Unlike previous studies, which focus on the reconstruction of a pan-Mesoamerican cosmological model, Reshaping the World shows how the movement of people, ideas, and objects in New Spain and neighboring regions produced a deep reconfiguration of Prehispanic cosmological and social structures, enriching them with new conceptions of space and time. The volume exposes the reciprocal influences of Mesoamerican and European theologies during the colonial era, offering expansive new ways of understanding Mesoamerican models of the cosmos.
Contributors:
Sergio Botta, Ana Díaz, Kerry Hull, Katarzyna Mikulska, Johannes Neurath, Jesper Nielsen, Toke Sellner Reunert†, David Tavárez, Alexander Tokovinine, Gabrielle Vail
‘This well-researched volume demonstrates persuasively that Mesoamerican cultures varied considerably with regard to their notions of the cosmos. . . . A refreshing departure from much of the scholarship produced in the last century that should serve as a model for future researchers.’
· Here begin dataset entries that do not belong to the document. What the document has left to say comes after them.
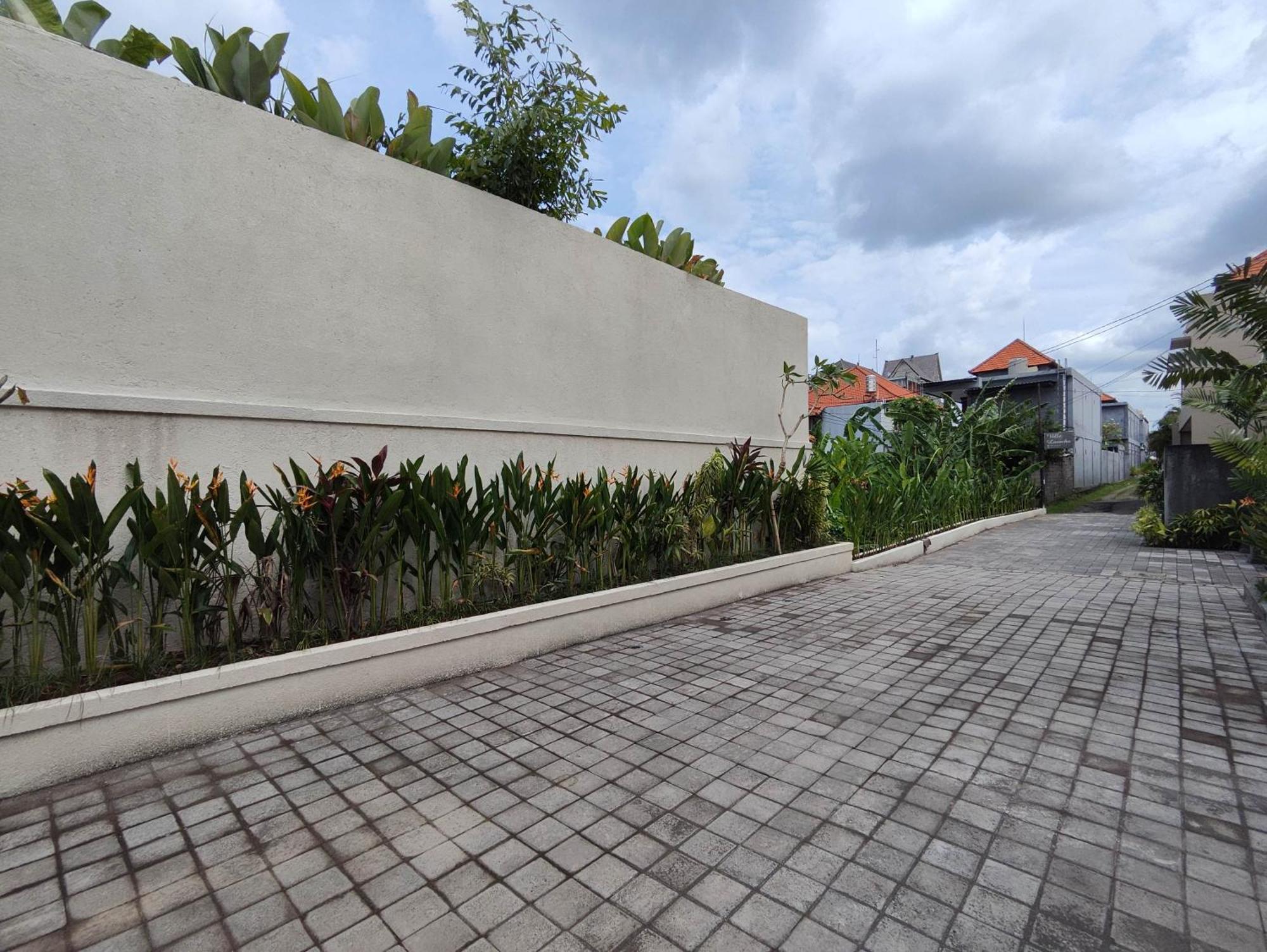 Villa Lovecho Canggu Exteriör bild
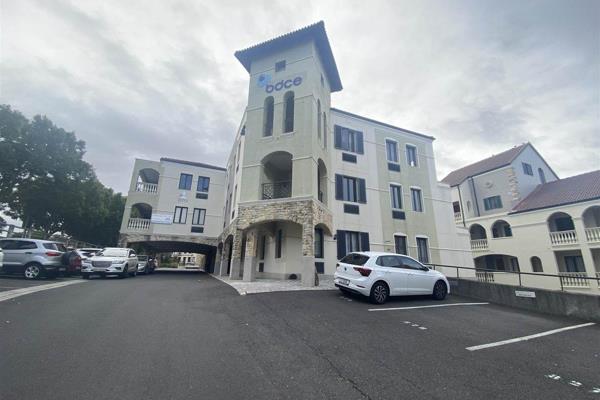 Premium Office Space Available for Lease at Bella Rosa Office Park 

Size: 172m2

Rental ...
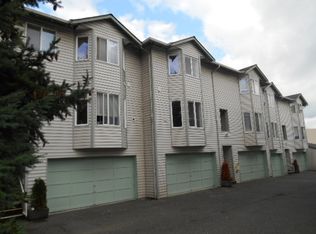 10 E Casino Rd APT 12, Everett, WA 98208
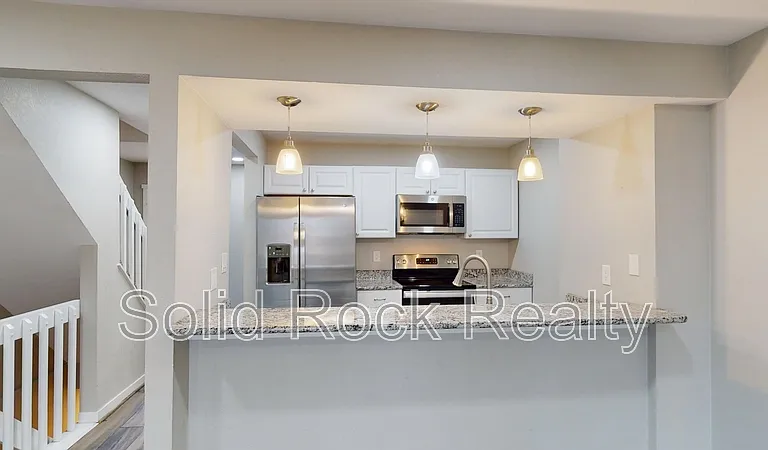 2331 Lexington Village Ln — Photo 3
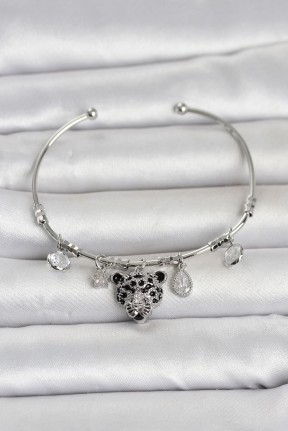 Pirinç Gümüş Renk Leopar Detaylı Charmlı Kadın Bileklik Pirinç Gümüş Renk Leopar Detaylı Charmlı Kadın Bileklik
—Allen J. Christenson, Brigham Young University
'Like all well-coordinated edited volumes, these essays resonate with one another, especially in their attention to language and ritual performance. With its rich body of evidence and sharp analyses, this work breaks down the rigid boundaries between cosmologies, chronology, and cultures in Mesoamerica.'
—Hispanic American Historical Review
'A rigorous intellectual adventure that presents us with nuanced and diverse ways of understanding Mesoamerican cosmologies.'
—Colonial Latin American Review
'Reshaping the World is an important and valuable resource. . . . Recommend[ed] for anyone who does, or aspires to do, professional work in the ancient or modern indigenous societies of the region, but the problems it investigates are especially salient for art historians and museum professionals.'
—Antiquity
Ana Díaz is associate professor at the Institute for Research in Aesthetics at National Autonomous University of Mexico (UNAM), where she lectures on indigenous art history and Mesoamerican studies. She is the author of El cuerpo del tiempo: cosmología y tradiciones cronográficas del centro de México and El maíz se sienta para platicar: Códices y formas de conocimiento nahua, más allá del mundo de los libros and editor of Cielos e inframundos: Una revisión de las cosmologías mesoamericanas.